Exercise data:
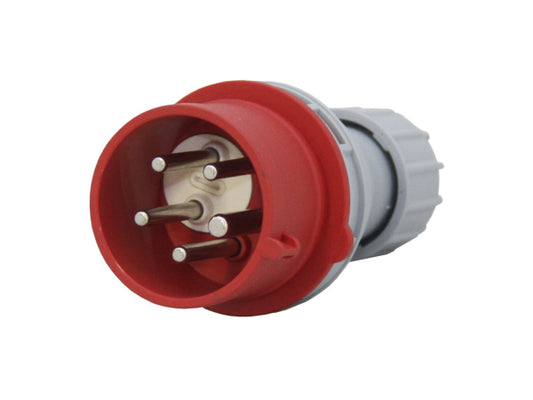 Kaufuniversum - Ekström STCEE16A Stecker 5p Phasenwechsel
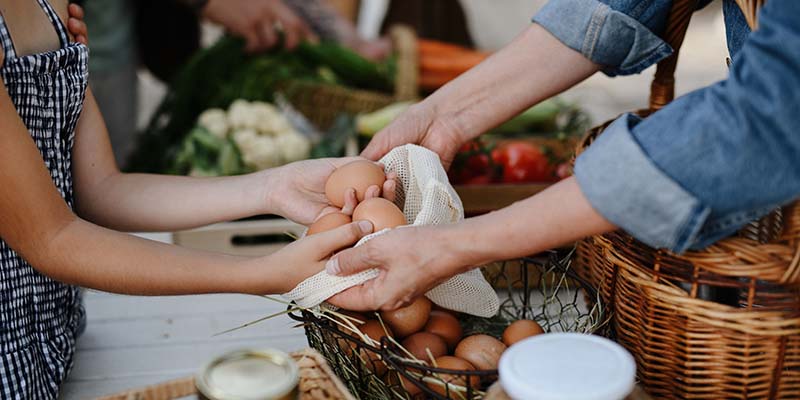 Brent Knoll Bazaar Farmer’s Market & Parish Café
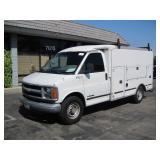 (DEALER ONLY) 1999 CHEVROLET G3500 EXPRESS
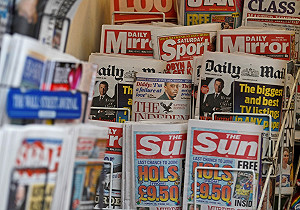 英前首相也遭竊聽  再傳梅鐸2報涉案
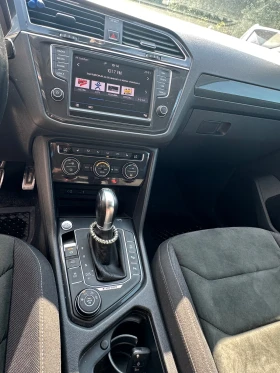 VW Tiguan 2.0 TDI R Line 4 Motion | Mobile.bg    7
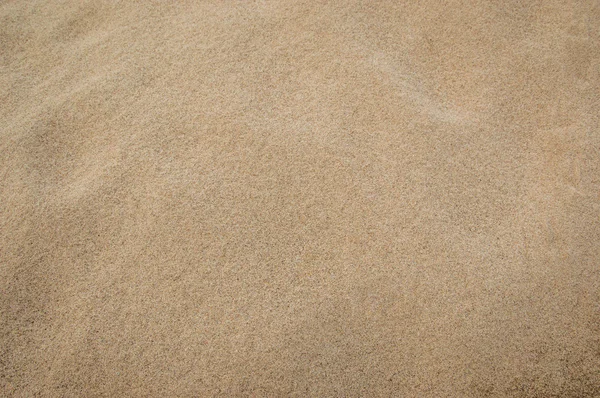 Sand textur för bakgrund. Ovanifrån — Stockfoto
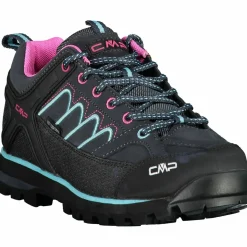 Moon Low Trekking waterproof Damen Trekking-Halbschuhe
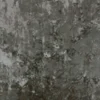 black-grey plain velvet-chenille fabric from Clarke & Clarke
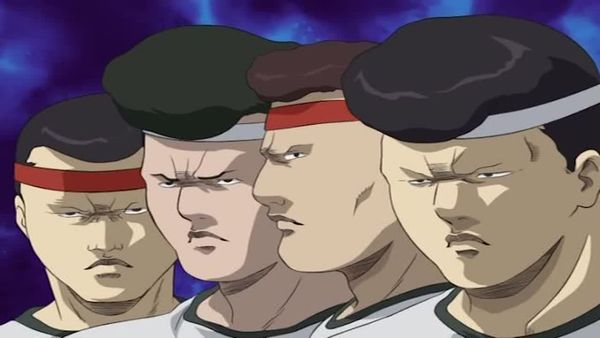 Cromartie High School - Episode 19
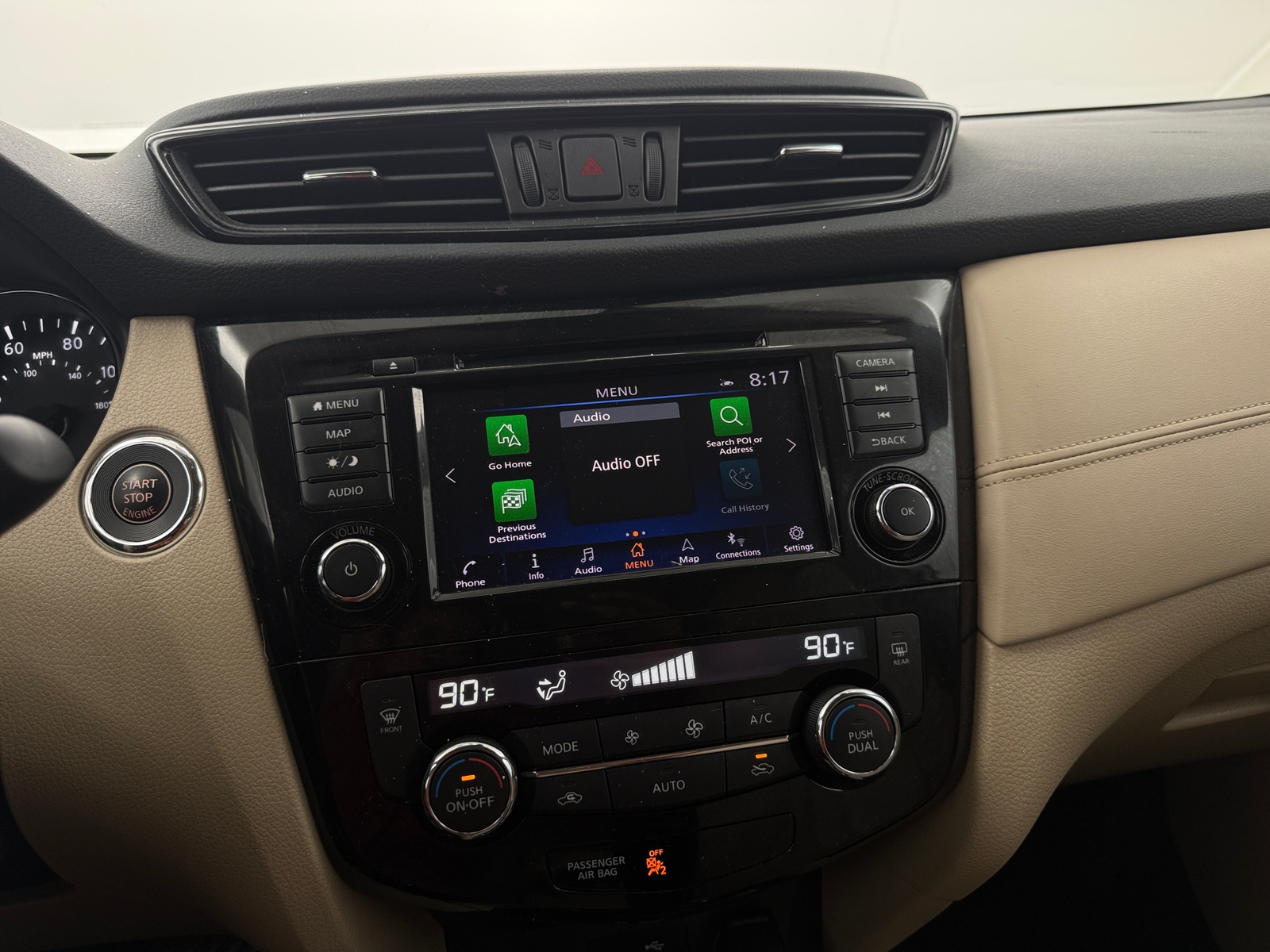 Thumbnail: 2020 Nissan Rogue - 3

---

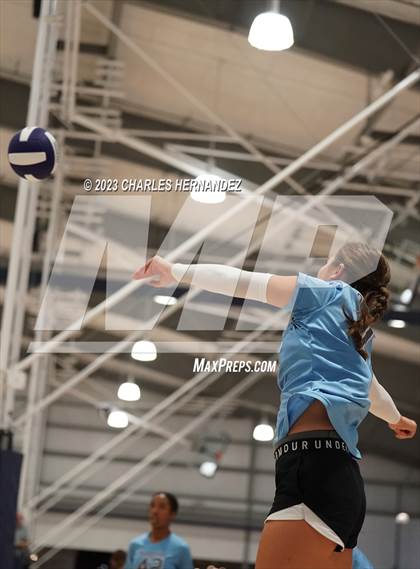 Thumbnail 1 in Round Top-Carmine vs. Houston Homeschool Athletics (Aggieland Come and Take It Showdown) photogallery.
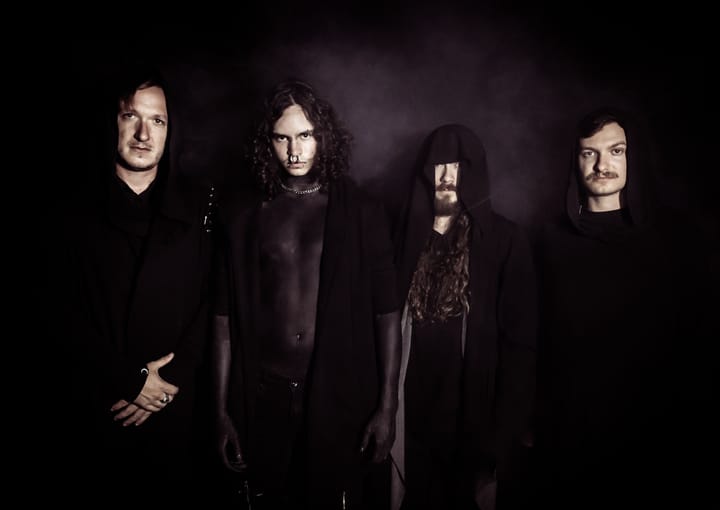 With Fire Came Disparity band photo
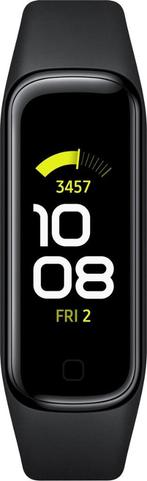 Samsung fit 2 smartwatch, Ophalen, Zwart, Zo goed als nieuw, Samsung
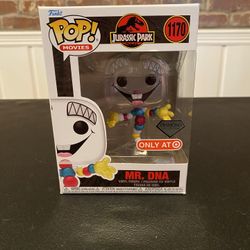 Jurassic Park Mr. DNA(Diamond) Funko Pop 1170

What you are asked to do: Look above for the line with "Thumbnail 1 in" and the line with "Jurassic Park Mr.", then restate exactly those two lines and all lines between them, with no pictures.

Solution to this exercise:
 Thumbnail 1 in Round Top-Carmine vs. Houston Homeschool Athletics (Aggieland Come and Take It Showdown) photogallery.
 With Fire Came Disparity band photo
 Samsung fit 2 smartwatch, Ophalen, Zwart, Zo goed als nieuw, Samsung
 Jurassic Park Mr. DNA(Diamond) Funko Pop 1170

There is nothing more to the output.